Back in the 1970s, my father was a member of a blue-ribbon panel selected by Congress to come up with solutions to keep Social Security solvent for future generations. Well 30 years later nothing has been done and funding Medicare is another fast approaching train wreck. Democrats talk about Universal Health Care coverage and taxing the rich, while Republicans hail cutting taxes and increasing the defense budget (America spends more on defense than all our enemies and friends combined). Everybody gives lip service to cutting earmarks, but earmarks comprise less than 1% of the federal budget. In effect, both parties adopt the let's keep borrowing solution.

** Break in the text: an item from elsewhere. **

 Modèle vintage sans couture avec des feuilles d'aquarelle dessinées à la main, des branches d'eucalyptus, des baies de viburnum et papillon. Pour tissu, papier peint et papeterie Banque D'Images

At some point, probably sooner than later, foreign investors will stop taking a chance on investing in T-bills and other instruments that float our national debt, because the country is too much in hock. Interest rates will shoot up, the dollar falls more, and our standard of living starts to tank. Social Security and Medicare programs crash and our roads stop functioning.

It's a Nero fiddles scenario... In the late 1990s we knew tech stocks couldn't keep skyrocketing, but we kept investing in them anyway. The housing market was too good to be true, but everyone kept leveraging up and paying more. Now it is increasingly obvious that something has to give -- either we pare down our entitlements (higher age eligibilities, less coverage for wealthier citizens) or spend more of what we earn to keep them at present levels (higher taxes, user fees). We can't keep borrowing to sustain the unsustainable.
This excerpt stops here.